=== TASK TO COMPLETE ===
Restate word for word the lines of the records below, starting at the line that contains "Mortal Kombat 2021 (Blu-ray)" and ending at the line that contains "JENSEN VM9214R - Touch", with both of those lines included and nothing else.

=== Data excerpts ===
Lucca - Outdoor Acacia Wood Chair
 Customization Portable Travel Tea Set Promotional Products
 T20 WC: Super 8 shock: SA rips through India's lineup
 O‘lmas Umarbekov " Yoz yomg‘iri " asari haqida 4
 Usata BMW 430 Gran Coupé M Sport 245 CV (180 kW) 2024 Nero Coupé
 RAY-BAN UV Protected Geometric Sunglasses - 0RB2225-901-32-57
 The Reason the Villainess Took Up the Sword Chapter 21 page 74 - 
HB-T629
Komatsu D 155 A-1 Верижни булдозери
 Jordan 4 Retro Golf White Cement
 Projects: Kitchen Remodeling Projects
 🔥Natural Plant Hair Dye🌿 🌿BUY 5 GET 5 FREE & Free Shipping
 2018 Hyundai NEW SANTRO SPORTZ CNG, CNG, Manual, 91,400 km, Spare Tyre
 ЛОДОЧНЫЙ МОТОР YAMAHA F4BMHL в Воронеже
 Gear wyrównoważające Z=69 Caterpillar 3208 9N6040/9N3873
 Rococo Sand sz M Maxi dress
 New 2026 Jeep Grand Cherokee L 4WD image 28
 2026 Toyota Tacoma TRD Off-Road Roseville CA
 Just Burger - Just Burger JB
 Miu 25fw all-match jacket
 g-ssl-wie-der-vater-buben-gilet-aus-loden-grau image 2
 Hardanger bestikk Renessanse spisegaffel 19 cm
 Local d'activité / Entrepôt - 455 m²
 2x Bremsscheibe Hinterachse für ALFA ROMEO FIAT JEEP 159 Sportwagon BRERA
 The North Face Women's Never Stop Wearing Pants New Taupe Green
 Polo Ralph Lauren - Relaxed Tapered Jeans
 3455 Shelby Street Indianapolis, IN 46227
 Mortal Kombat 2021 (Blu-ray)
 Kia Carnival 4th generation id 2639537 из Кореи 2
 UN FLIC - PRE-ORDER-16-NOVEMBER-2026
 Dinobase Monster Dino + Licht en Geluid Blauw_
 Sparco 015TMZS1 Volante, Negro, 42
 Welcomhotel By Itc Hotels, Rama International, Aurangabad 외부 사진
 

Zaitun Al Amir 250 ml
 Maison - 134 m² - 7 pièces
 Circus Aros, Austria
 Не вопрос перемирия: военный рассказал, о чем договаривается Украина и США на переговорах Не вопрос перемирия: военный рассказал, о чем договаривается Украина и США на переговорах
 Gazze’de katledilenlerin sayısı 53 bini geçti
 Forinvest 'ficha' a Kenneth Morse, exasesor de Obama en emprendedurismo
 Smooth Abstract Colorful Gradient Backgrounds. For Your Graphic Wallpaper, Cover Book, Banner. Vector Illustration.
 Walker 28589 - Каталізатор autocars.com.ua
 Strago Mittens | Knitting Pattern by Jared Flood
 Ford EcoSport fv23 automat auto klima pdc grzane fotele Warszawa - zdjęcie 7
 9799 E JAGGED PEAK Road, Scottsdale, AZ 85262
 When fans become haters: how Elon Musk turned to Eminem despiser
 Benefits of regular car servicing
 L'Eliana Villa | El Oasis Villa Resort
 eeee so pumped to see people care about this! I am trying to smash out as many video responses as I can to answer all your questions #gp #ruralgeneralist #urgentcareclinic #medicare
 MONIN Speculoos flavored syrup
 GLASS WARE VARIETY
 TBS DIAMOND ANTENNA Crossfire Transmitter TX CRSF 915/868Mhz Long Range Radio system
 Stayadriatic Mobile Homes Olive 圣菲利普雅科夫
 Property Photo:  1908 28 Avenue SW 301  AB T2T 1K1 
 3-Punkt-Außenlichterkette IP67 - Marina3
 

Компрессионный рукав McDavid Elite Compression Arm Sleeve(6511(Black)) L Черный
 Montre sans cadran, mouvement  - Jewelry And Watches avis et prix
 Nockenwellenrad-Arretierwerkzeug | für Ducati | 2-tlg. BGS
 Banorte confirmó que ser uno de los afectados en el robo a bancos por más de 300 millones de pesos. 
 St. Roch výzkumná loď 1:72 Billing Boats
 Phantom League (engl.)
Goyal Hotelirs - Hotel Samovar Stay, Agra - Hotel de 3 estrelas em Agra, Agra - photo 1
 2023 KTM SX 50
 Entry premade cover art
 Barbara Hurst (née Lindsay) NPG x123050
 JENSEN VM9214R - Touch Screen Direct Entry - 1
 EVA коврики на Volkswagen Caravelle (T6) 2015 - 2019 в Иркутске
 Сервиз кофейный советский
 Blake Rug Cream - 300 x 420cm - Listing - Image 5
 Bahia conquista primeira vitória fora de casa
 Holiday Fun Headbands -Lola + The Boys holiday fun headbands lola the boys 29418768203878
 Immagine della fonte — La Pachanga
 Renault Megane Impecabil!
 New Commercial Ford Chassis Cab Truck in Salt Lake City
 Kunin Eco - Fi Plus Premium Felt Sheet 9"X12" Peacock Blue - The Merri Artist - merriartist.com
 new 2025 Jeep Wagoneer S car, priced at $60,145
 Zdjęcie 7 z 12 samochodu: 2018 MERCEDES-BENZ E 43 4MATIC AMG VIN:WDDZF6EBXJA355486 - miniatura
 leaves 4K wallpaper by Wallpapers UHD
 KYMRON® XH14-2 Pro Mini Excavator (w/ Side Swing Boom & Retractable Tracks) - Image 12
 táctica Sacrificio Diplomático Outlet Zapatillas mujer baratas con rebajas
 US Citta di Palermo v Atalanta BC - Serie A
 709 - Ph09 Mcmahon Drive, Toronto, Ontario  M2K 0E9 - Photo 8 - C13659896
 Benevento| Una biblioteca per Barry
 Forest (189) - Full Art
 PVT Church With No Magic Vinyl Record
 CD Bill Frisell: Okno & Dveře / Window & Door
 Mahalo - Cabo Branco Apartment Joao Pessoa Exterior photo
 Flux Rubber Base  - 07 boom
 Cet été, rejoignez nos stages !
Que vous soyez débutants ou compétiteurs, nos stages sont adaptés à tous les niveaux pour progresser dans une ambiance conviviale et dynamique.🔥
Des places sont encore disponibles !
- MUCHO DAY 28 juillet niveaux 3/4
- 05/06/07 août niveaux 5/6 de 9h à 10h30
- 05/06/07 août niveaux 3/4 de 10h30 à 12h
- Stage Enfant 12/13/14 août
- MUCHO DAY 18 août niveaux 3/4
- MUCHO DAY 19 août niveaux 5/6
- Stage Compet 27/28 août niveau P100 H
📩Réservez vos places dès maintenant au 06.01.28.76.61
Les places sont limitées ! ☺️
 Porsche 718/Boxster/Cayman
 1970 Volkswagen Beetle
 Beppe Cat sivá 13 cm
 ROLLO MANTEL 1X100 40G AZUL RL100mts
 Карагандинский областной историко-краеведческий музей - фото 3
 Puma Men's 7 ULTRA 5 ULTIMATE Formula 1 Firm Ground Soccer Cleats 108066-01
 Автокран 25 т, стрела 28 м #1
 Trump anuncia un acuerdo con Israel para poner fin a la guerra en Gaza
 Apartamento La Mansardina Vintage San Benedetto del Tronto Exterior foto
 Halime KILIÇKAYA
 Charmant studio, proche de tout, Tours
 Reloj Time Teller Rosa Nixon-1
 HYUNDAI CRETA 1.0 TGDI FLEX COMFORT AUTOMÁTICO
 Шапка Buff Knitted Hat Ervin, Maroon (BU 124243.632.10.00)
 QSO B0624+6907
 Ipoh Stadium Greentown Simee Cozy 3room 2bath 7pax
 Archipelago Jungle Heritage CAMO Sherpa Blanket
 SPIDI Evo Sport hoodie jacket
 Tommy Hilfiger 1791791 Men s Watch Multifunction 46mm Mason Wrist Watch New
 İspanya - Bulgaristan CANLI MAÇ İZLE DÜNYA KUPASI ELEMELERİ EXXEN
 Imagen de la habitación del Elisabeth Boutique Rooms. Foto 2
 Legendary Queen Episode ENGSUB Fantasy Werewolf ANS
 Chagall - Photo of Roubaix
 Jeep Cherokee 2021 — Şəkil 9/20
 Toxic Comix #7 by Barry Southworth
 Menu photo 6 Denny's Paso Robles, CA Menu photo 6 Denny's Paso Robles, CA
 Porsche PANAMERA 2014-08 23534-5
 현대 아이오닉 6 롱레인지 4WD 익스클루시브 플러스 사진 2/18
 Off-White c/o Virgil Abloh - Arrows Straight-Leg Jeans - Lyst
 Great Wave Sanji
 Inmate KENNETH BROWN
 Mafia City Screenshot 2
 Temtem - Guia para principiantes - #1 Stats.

=== SOLUTION FOR THIS PROBLEM ===
 Mortal Kombat 2021 (Blu-ray)
 Kia Carnival 4th generation id 2639537 из Кореи 2
 UN FLIC - PRE-ORDER-16-NOVEMBER-2026
 Dinobase Monster Dino + Licht en Geluid Blauw_
 Sparco 015TMZS1 Volante, Negro, 42
 Welcomhotel By Itc Hotels, Rama International, Aurangabad 외부 사진
 

Zaitun Al Amir 250 ml
 Maison - 134 m² - 7 pièces
 Circus Aros, Austria
 Не вопрос перемирия: военный рассказал, о чем договаривается Украина и США на переговорах Не вопрос перемирия: военный рассказал, о чем договаривается Украина и США на переговорах
 Gazze’de katledilenlerin sayısı 53 bini geçti
 Forinvest 'ficha' a Kenneth Morse, exasesor de Obama en emprendedurismo
 Smooth Abstract Colorful Gradient Backgrounds. For Your Graphic Wallpaper, Cover Book, Banner. Vector Illustration.
 Walker 28589 - Каталізатор autocars.com.ua
 Strago Mittens | Knitting Pattern by Jared Flood
 Ford EcoSport fv23 automat auto klima pdc grzane fotele Warszawa - zdjęcie 7
 9799 E JAGGED PEAK Road, Scottsdale, AZ 85262
 When fans become haters: how Elon Musk turned to Eminem despiser
 Benefits of regular car servicing
 L'Eliana Villa | El Oasis Villa Resort
 eeee so pumped to see people care about this! I am trying to smash out as many video responses as I can to answer all your questions #gp #ruralgeneralist #urgentcareclinic #medicare
 MONIN Speculoos flavored syrup
 GLASS WARE VARIETY
 TBS DIAMOND ANTENNA Crossfire Transmitter TX CRSF 915/868Mhz Long Range Radio system
 Stayadriatic Mobile Homes Olive 圣菲利普雅科夫
 Property Photo:  1908 28 Avenue SW 301  AB T2T 1K1 
 3-Punkt-Außenlichterkette IP67 - Marina3
 

Компрессионный рукав McDavid Elite Compression Arm Sleeve(6511(Black)) L Черный
 Montre sans cadran, mouvement  - Jewelry And Watches avis et prix
 Nockenwellenrad-Arretierwerkzeug | für Ducati | 2-tlg. BGS
 Banorte confirmó que ser uno de los afectados en el robo a bancos por más de 300 millones de pesos. 
 St. Roch výzkumná loď 1:72 Billing Boats
 Phantom League (engl.)
Goyal Hotelirs - Hotel Samovar Stay, Agra - Hotel de 3 estrelas em Agra, Agra - photo 1
 2023 KTM SX 50
 Entry premade cover art
 Barbara Hurst (née Lindsay) NPG x123050
 JENSEN VM9214R - Touch Screen Direct Entry - 1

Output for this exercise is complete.